The next time you’re at a swanky function at the US embassy, you might want to keep track of your wine glass. At least, if the latest tranche of leaked documents from the US government is any indication: diplomats and other officials have apparently received instruction to collect biometric data—including DNA samples—from major players in certain countries.
The instructions were contained in the thousands of diplomatic cables uncovered through WikiLeaks, a non-profit website devoted to
embarrassing the US government publishing classified information on the web.
The Guardian first reported the DNA instructions, which were not issued world-wide. The instruction appeared in a diplomatic cable to US embassies in the sub-Saharan African countries of Burundi, Rwanda, and the Democratic Republic of the Congo. As part of intelligence gathering operations, embassy officials were asked to gather “email addresses, telephone and fax numbers, fingerprints, facial images, DNA, and iris scans” of prominent political, social and business figures inside the countries.
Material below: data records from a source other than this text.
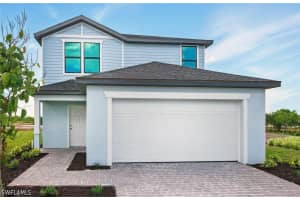 250 Silent Lake Dr, Lehigh Acres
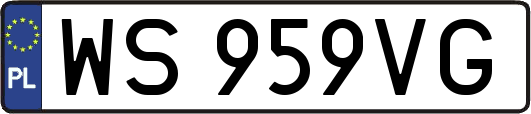 WS959VG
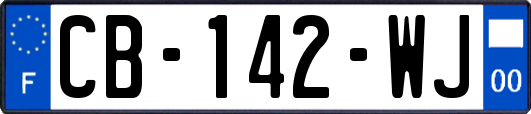 CB-142-WJ
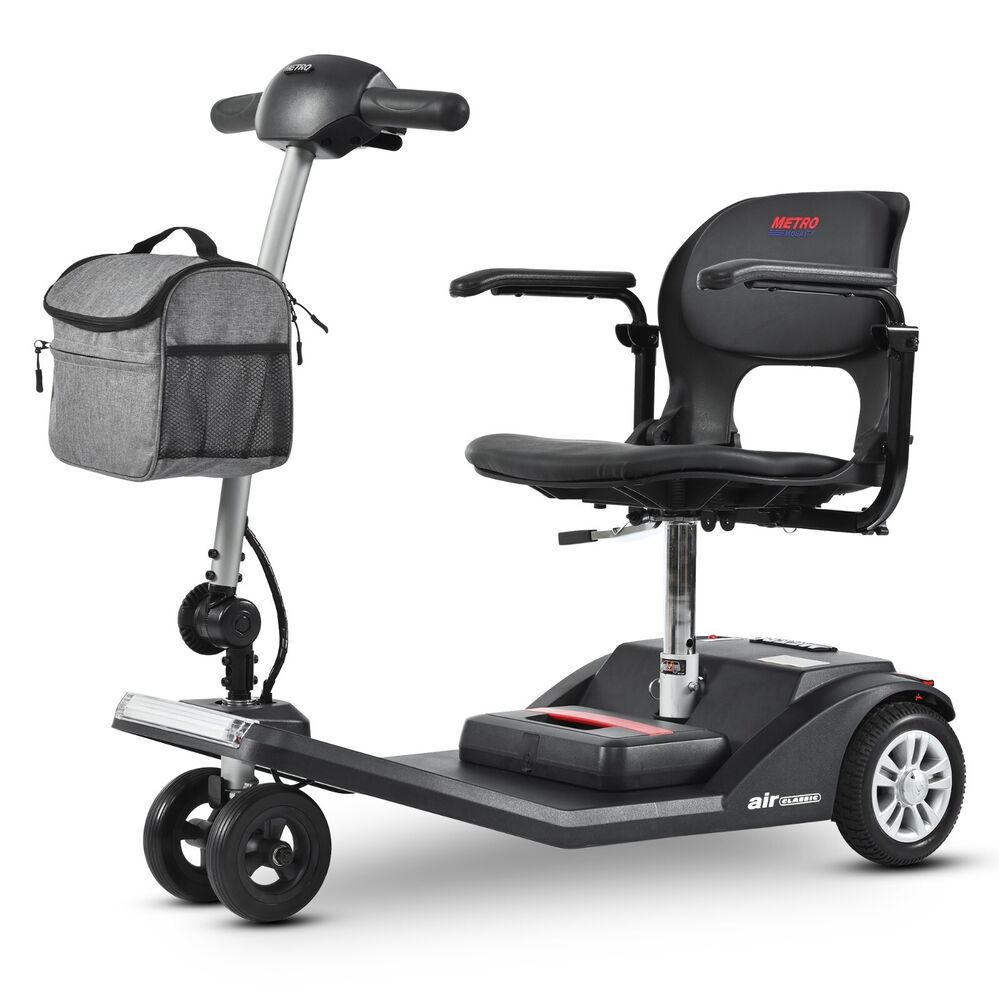 Mobility Scooters for Seniors Adults Compact Lightweight Mobility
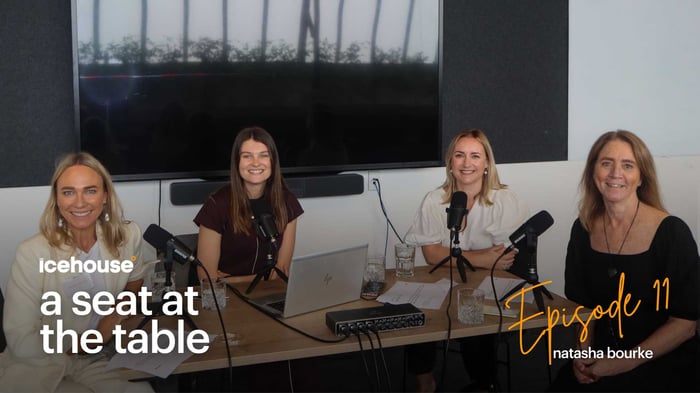 Episode 11: A Seat At The Table - Natasha Bourke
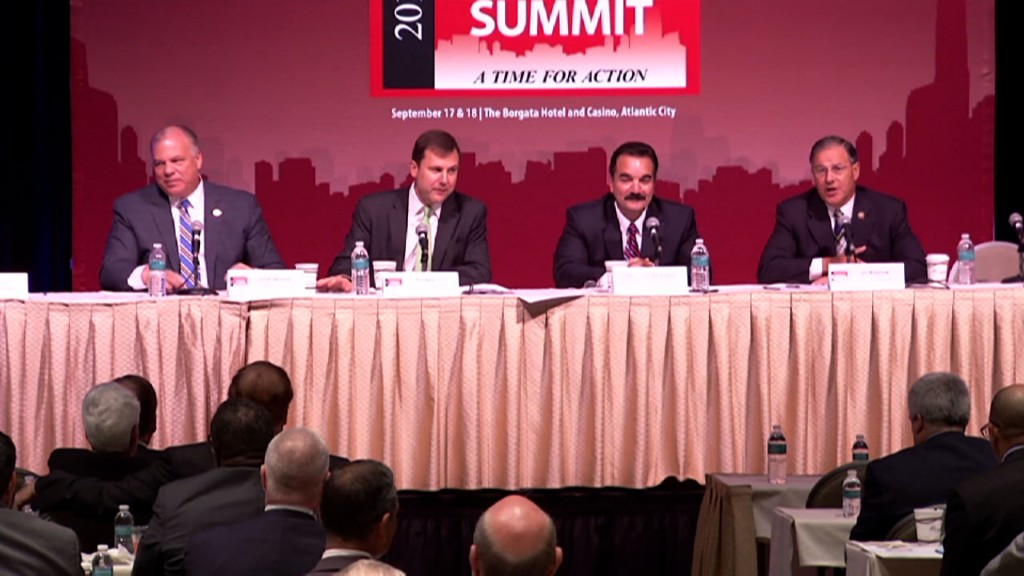 Chamber Business Summit Ends With Lively Legislative Panel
Separate cables call for gathering of biometric information about key Palestinian officials and rebel leaders in Sudan.
Not all the data gathering is to come frome troubled regions, however. Another directive called for gathering “biometric information” as well as biographic information about the Directors General of the World Health Organisation and the International Atomic Energy Agency, the head of UNAIDS and the head of the Pan American Health Organisation, as well as numerous UN diplomats.
Of course “biometric information” could mean a lot of things, including a picture, but it nevertheless shows the US’s clear interest in gathering more data on the people they talk to. Certainly the Pentagon has been hard at work taking iris scans of Afghani and Iraqi nationals for security purposes. Wired’s blog Danger Room has a nice summary of the state of affairs which is worth reading.
One questions the cables don’t answer: Where is all this biometric information actually going?